I was suckered into this one last night on Amazon Prime. To be fair, it said "Inspired by the works of HP Lovecraft."
The Valdemar Legacy is a story and a half, which isn't always a good thing. We start in modern Spain where a company has been asked to evaluate a Victorian style mansion immediately. It seems the last appraiser vanished and everyone assumes it is because he found something valuable in the house to pawn. The project manager reaches out to a woman who is supposed to be the best in the business and sends her to the house. Once there, she encounters an attic with a corpse and some shambling beast that attacks her. She escapes into the arms of the groundskeeper and his weird friend who has a thing for insects.
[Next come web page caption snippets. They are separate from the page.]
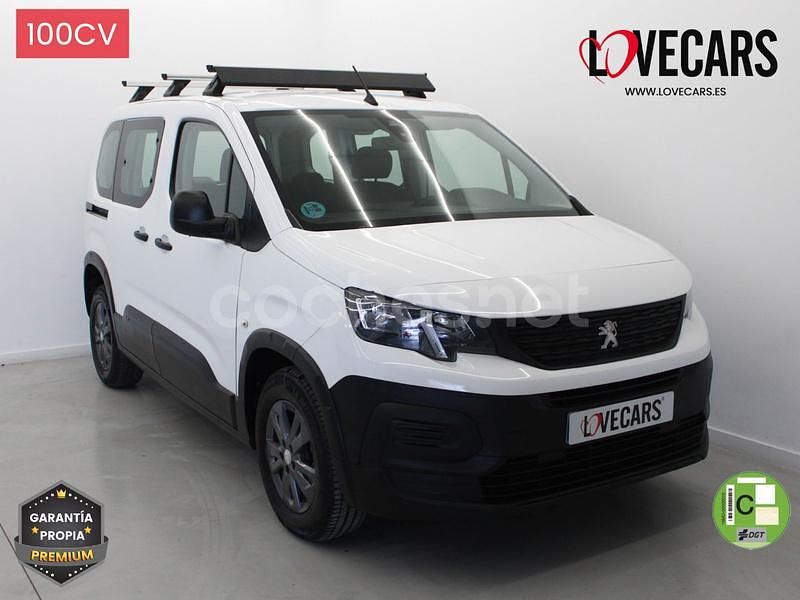Blanco Usado 2021 Peugeot Rifter Active Monovolumen | 15.100 € (Precio justo) - Imagen 1/3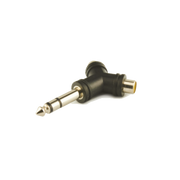 ADAPTADOR 2 JACK RCA A PLUG 6.3MM ESTEREO, TIPO Y, PLASTICO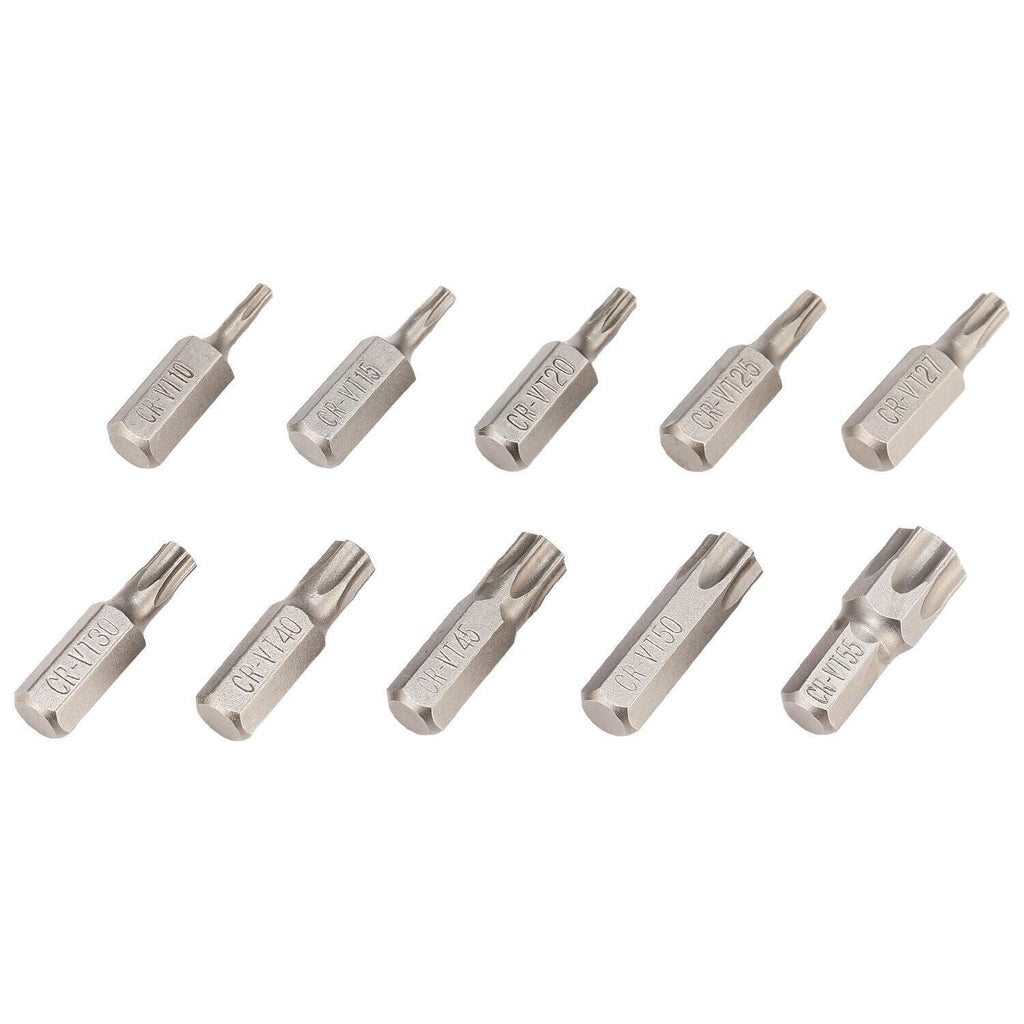 34pcs Torx Star Sockets & Bit Set for Male Female E-torx Security Bits 3/8 Drive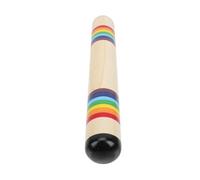 FRCOLOR Wooden Rain Sound Tube Rainbow Rainstick for Educational Sensory Instrument for Creative Play Handheld Rain Sound Simulator Safe Non Toxic Material for Auditory Development and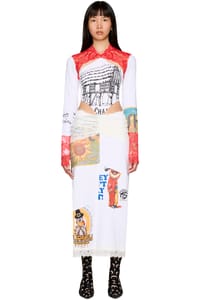 Picture of Regenerated T-Shirts & Lace Midi Dress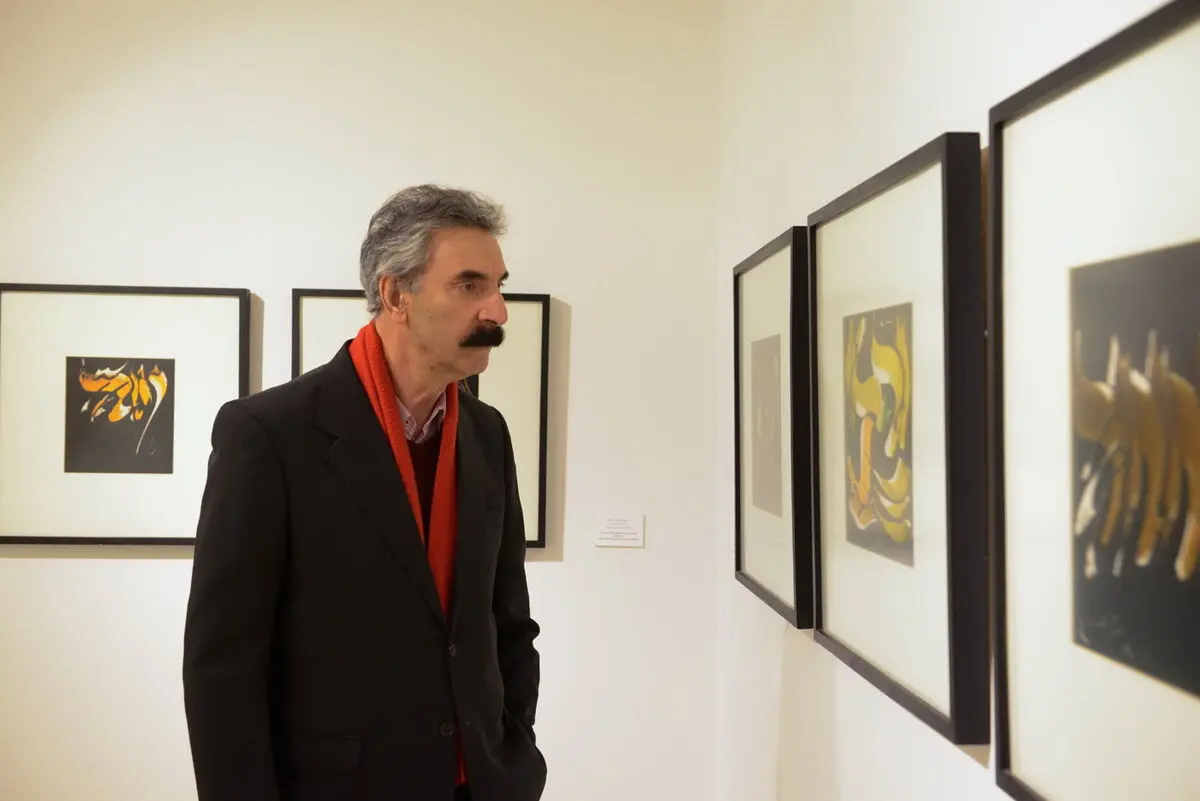نمایشگاه آثار محمد احصایی در گالری بوم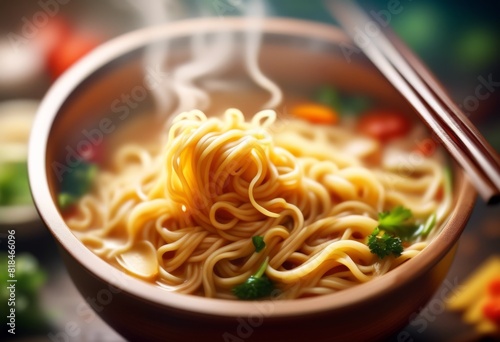 steamy close freshly cooked noodles bowl, hot, delicious, appetizing, meal, cuisine, tasty, savory, swirls, vapor, shot, wisps, soup, asian, pasta, twirls photo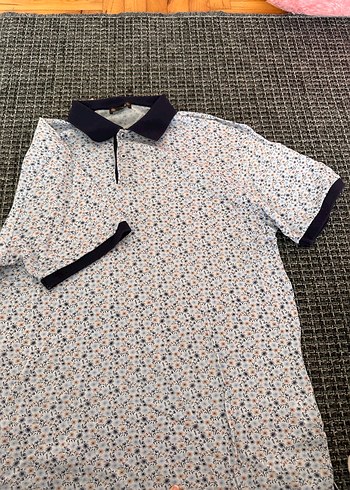 Erkek Baskılı Kısa Kollu Polo Tişört - Görsel 2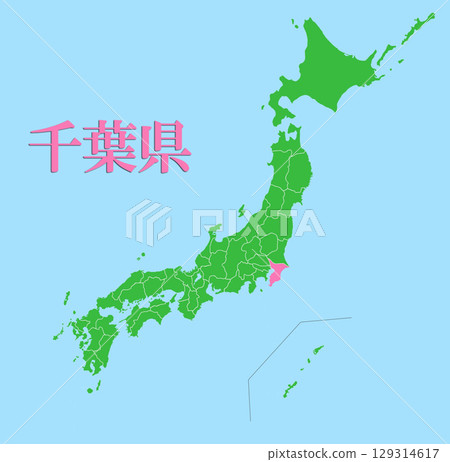 日本千葉縣地圖 日本千葉縣地圖 129314617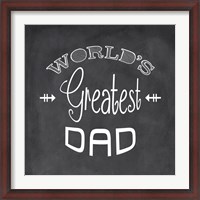 Framed World's Greatest Dad - black
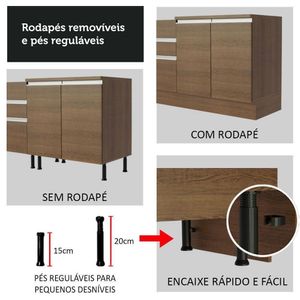 Cozinha Completa 180008 Com Armário E Balcão RusticRustic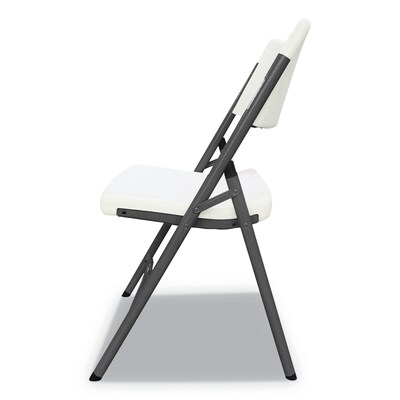 Alera® Resin Office Folding Chair, White, 4/Carton (ALEFR9302)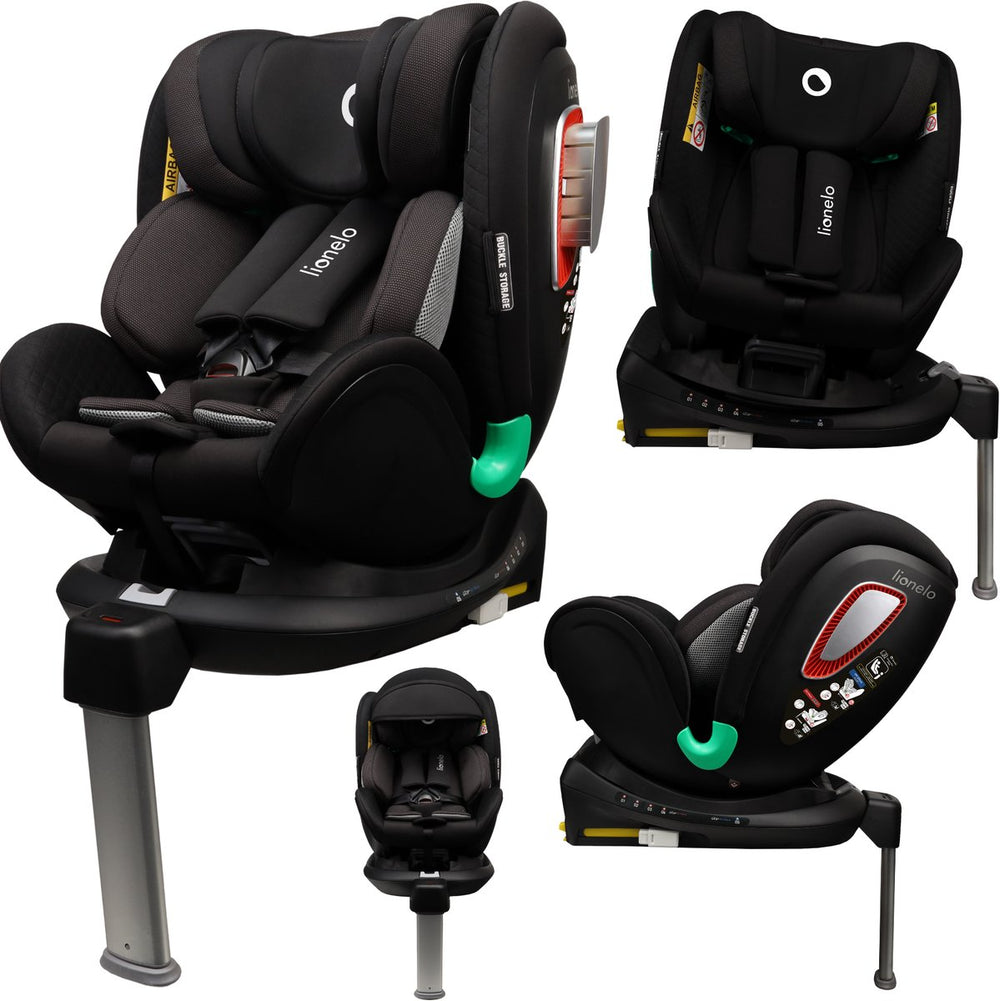 Lionelo antoon plus i-size autostoel 0-18 kg (40-105 cm) - 360° draaibaar - isofix met stabilisatiepoot - adac veiligheidscertificaat - rwf fwf - 5-puntsgordel - sips zijbescherming - verstelbare hoofdsteun rugleuning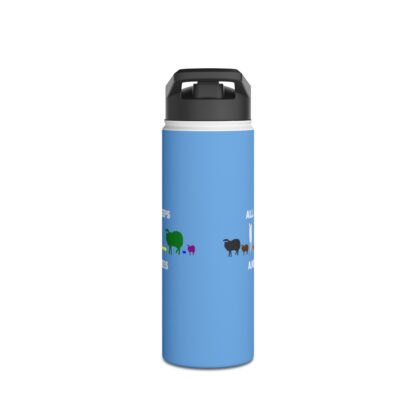 ALL SHEEPS AND SIZES Stainless Steel Water Bottle, Standard Lid - Image 3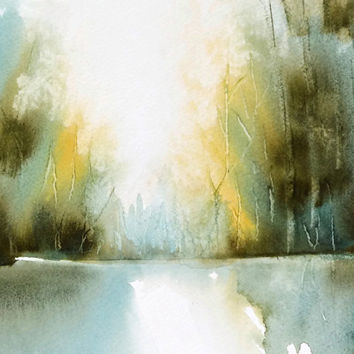 354x354 Landscape Abstract Watercolor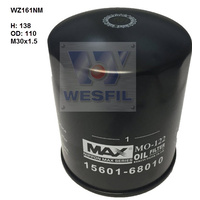 WESFIL WZ161NM OIL FILTER FOR TOYOTA COASTER DYNA LANDCRUISER 2H 4.0L DIESEL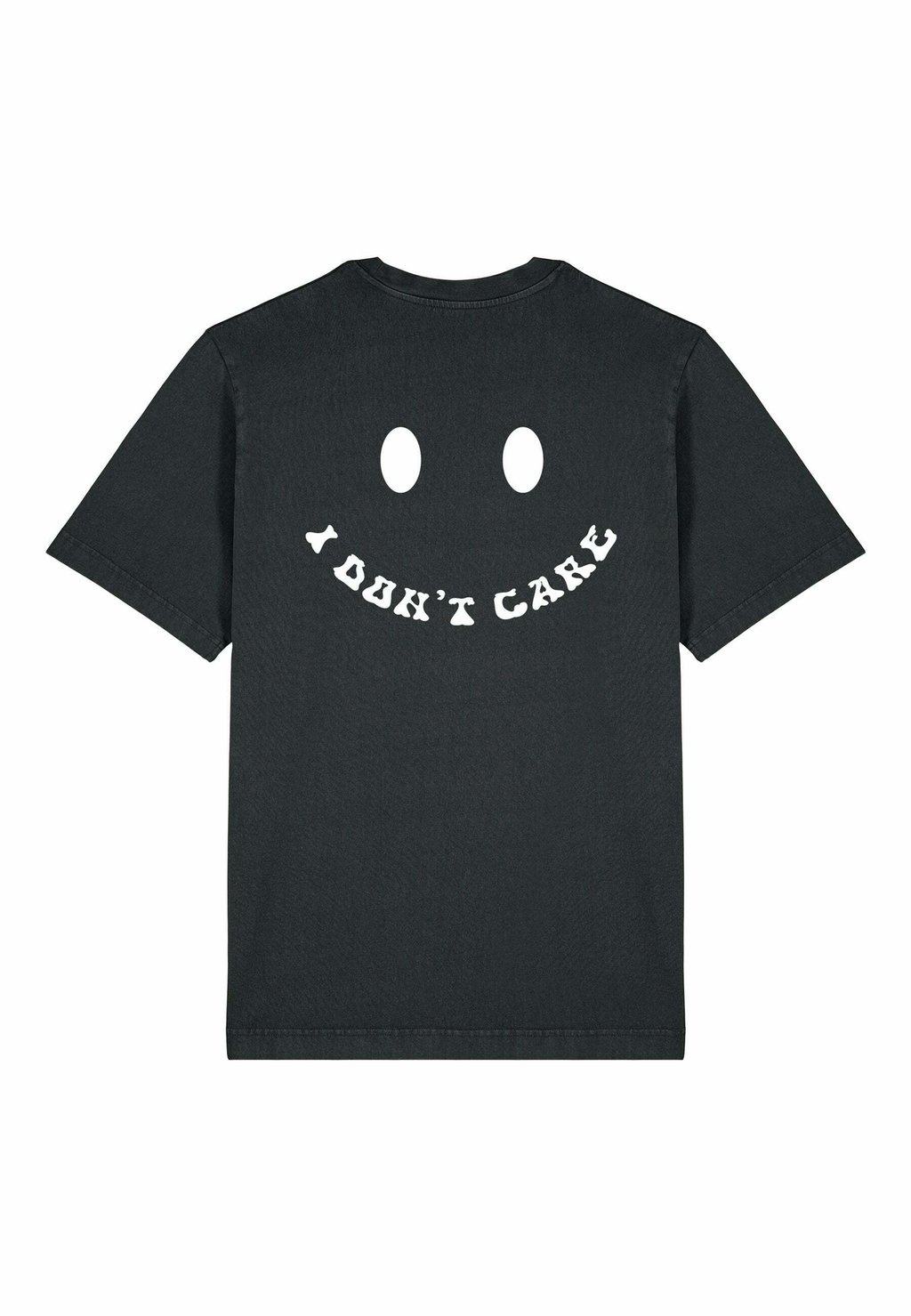 

Футболка с принтом I DONT CARE BACK PRINT HEAVYWEIGHT Mira Paris, цвет Washed Black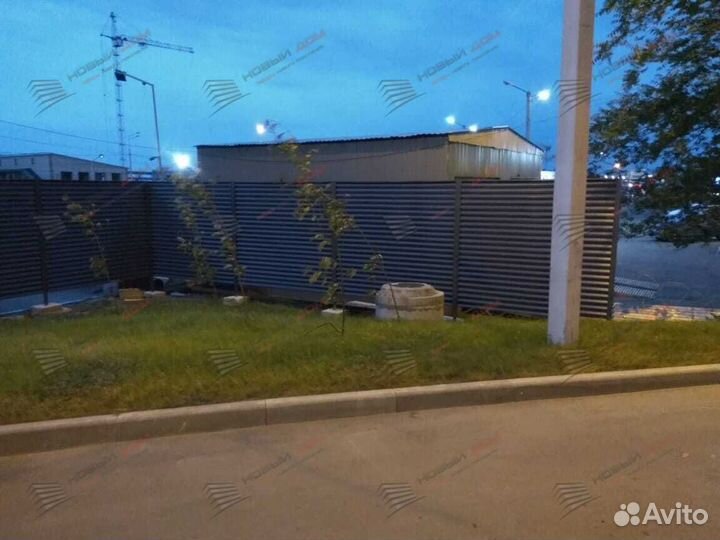 Забор жалюзи Еврозабор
Meanwhile, everyone has assumed the woman has gone missing and a private eye is hired to find her. The rest of the movie is the PI sitting on a train listening to a story from the turn of the century. This is the only finished story in the movie and it features Aleister Crowley, Lizzie Borden and Bram Stoker among the cast. It is the story of why the Valdemar property is cursed and how that came to be.
As the flashback story stretched on and on, I realized there was no way we were getting back to the present with the missing woman house expert or the private eye hired to find her. Sure enough, the movie pretty much ends saying "to be continued." The only full story is that of Mr. and Mrs. Valdemar, who run an orphanage and do fake spirit photography on the side. When their scam is uncovered, Aleister Crowley steps in to help free Mr. Valdemar from prison. All this is so he can perform an unholy ritual at the orphanage. It all gets rather silly once the ritual happens and we find out who in the house has a psychic link to a demonic entity.
At least that one story gets told. I was far more interested in the modern day portion that never gets resolved. To imagine, I am against seeing It because it is only half the story but I fell for this one. I can't recommend it unless you can find the sequel, too, which I can't.